Adjustment for sequencing depth vs. Rarefaction

I know rarefaction (Normalization) is a commom practice in 16S microbiome anlaysis. But sometimes, the rarefied data looks really strange and confusing to me. For example, if most samples, let’s say 60%, has taxon A accounted for 98% for the total original reads in each sample. Suppose they were sequenced under same depth, how can we differentiate the samples with 50000 clean reads and the samples with 500 clean reads after rarefaction if we need to find out whether an exposure is related to the abundance of taxon A.

I recently read a paper, they used negative binomial model to fit the rarefied reads of taxa data (Abundance, rather than relative abundance). The negative binomial model is a common model used in microbiome study for count data. I think they did not encounter such situation, because under this situation, most samples will have similar abundances of taxon A, and thusly making the variance of independent variable become really small.

I was wondering whether it is feasible to investigate an exposure with the abundance of a given taxon without rarefying the data, but just adjust for the original sequencing depth in a regression to mitigate the library size on the association between the exposure and the abundance?

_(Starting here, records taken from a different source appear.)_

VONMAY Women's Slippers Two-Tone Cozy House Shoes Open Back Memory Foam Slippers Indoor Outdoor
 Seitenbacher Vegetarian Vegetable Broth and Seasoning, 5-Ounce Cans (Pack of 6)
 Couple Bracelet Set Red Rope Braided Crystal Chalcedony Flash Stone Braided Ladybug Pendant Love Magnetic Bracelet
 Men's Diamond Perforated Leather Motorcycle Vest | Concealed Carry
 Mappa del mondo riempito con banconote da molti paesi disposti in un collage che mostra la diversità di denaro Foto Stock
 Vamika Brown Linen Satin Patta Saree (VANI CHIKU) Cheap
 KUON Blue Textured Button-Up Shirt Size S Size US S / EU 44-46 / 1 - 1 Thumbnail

Or if there is any other alternative solution to deal with this situation?

Thanks in advance!

Hi @fanwayne,

I think the two best resources I can offer that address this question are from @mortonjt. (Who I’ll also mention here incase he wants to weigh in specifically.) His reference framework paper set up the idea for me in a way that I (mostly) understand (Also available as q2-songbird). But, he also wrote a blog post that breaks it down nicely. So, maybe those could help as resources to start with?

Best,
Justine

Hi @jwdebelius. It looks like a good choice to circumvent this issue by comparing the ratio of taxa. Many thanks for your advice.